Bruce: Bon, malheureusement. J'espère que le film dans lequel je joue expliquera le pourquoi de la violence. Quelle
soit juste ou non. Mais malheureusement, les films ici, la plupart d'entre eux, sont faits principalement pour l'amour de la violence. Vous voyez
ce que je veux dire: 30 minutes de combat, 50 coups...
Burton:Je suis sidéré que vous soyez revenu à Hong Kong, à la veille de votre consécration à Hollywood, rempli de succés et soudainement, par la
grâce d'un film. Vous devenez une super star, tout le monde vous connait, vous devez changer votre numéro de téléphone, vous êtes assiégé dans la rue. Maintenant,
qu'allez vous faire? Pourrez vous mener votre vie dans ces deux mondes? Allez vous devenir une super star ici, ou aux Etats-Unis, ou aux deux endroits?

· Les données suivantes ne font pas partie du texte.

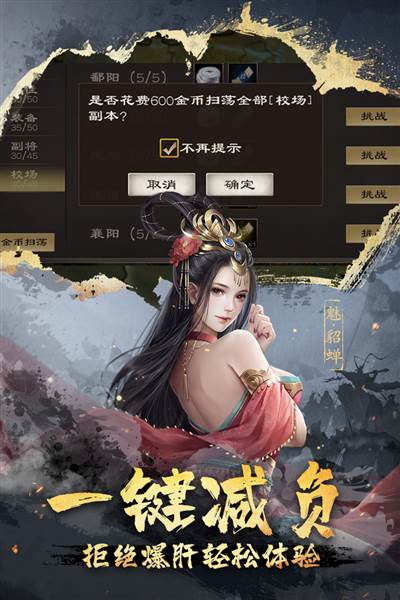 超级群英传官方版本 v20.19.0.0
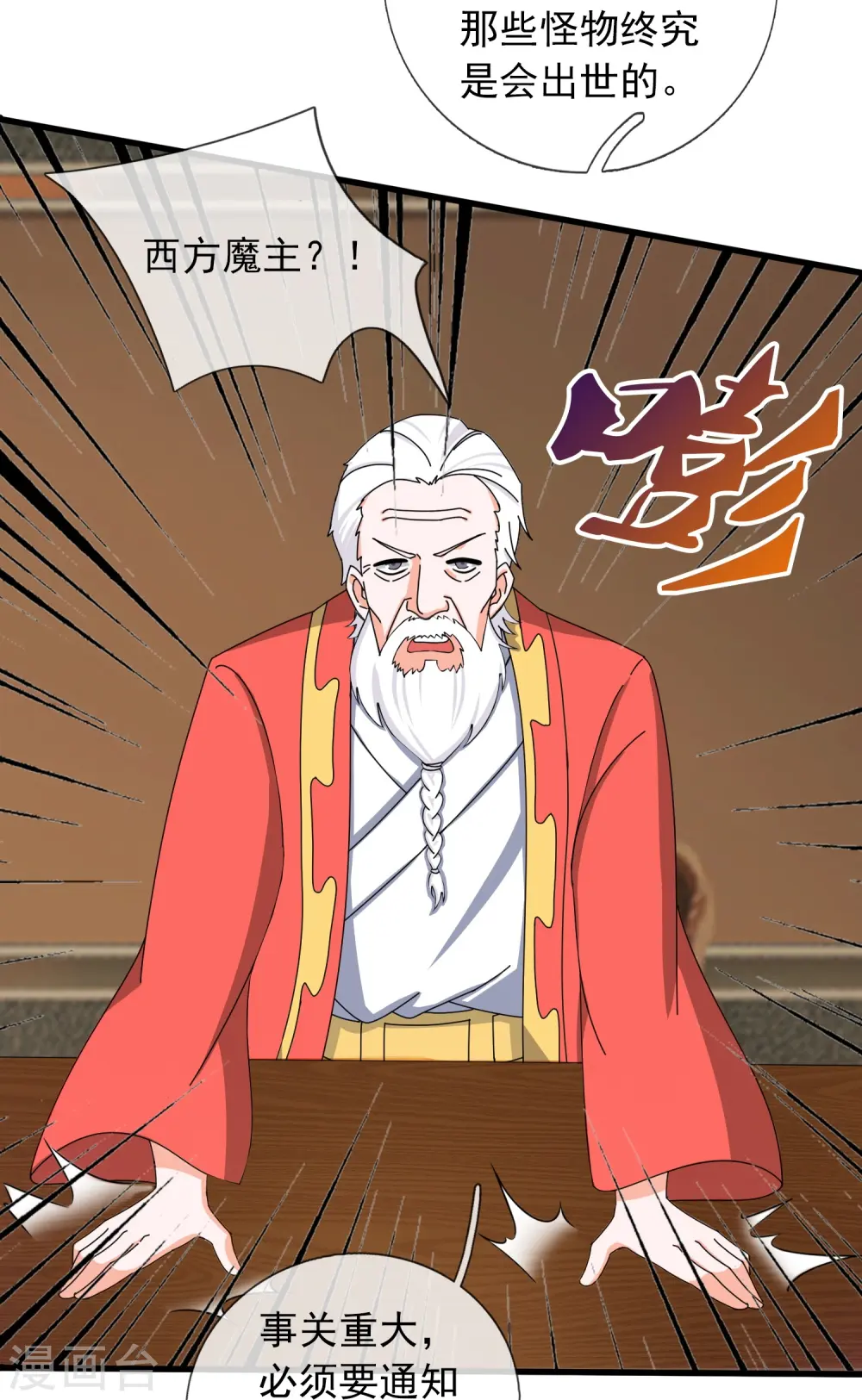 第348话 汇报18
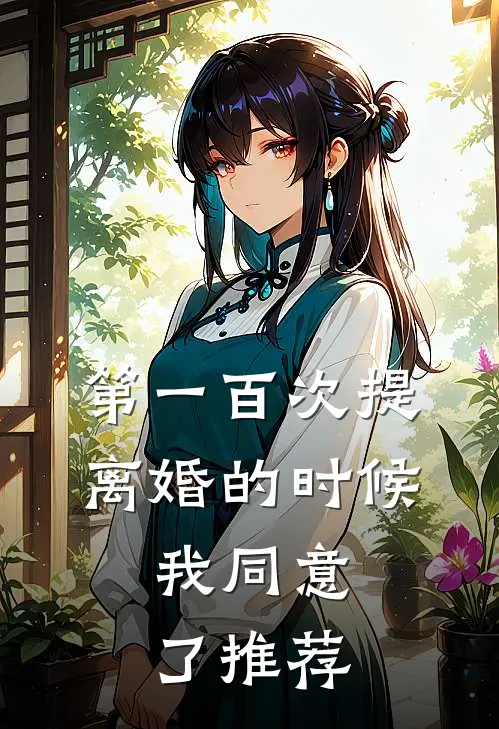 第一百次提离婚的时候，我同意了推荐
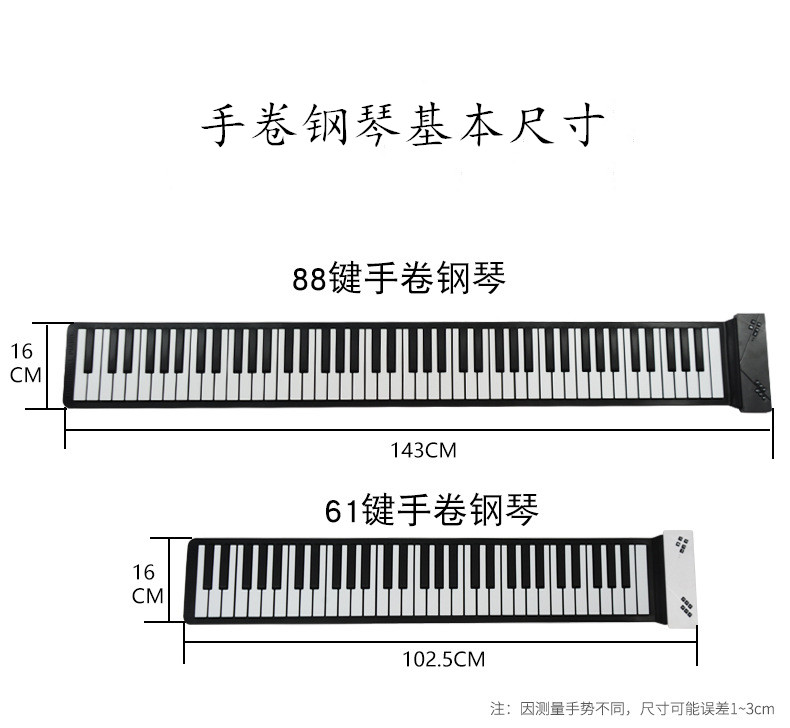 手卷琴88键手卷钢琴电子键盘便携式初学者成人家用专业加厚版折叠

Bruce: Bon. Laissez-moi vous dire que, premièrement, le mot "super star" ne me plait vraiment pas et je vais vous dire pourquoi. C'est que ce mot de "star",
mon vieux, c'est une illusion. C'est un terme que le public vous donne. Or, c'est en tant qu'acteur que vous devez être jugé. Vous serez trés heureux si quelqu'un
vous dit:"Monsieur vous êtes un acteur formidable". C'est beaucoup mieux, croyez moi, qu'être consacré"star"...
Burton:Mais vous devez admettre que vous êtes une star...Vous n'êtes pas...si vous ne me dites pas ce que vous pensez...
Bruce: Mais je pense ce que je dis, honnêtement. Oui, j'ai eu un gros succés.
Burton:Oui.
Bruce: D'accord. Mais j'estime que le mot star est...je ne me considère pas comme une star. Vraiment pas. Il faut me croire quand je dis ça, mon vieux.
Burton:Oui.
Bruce: Je ne le dis pas parce que...
Burton: Où voulez vous en venir ? Revenons à nos moutons.
Bruce: D'accord. (Bruce fait entendre un petit rire).
Burton:Allez vous rester à Hong-Kong et devenir célèbre, ou allez vous partir aux Etats-Unis et devenir célèbre, ou allez-vous essayer de tirer parti de ces deux possibilités et
d'en bénéficier, au mieux pour chacune d'elles ?
Bruce: Je veux profiter des deux. Parce que, voyez-vous, j'ai déjà réfléchi qu'aux Etats-Unis, il faut montrer les facettes
de l'Orient, je veux dire l'Orient véritable.
Burton:C'est sûr qu'Hollywood ne le fait pas !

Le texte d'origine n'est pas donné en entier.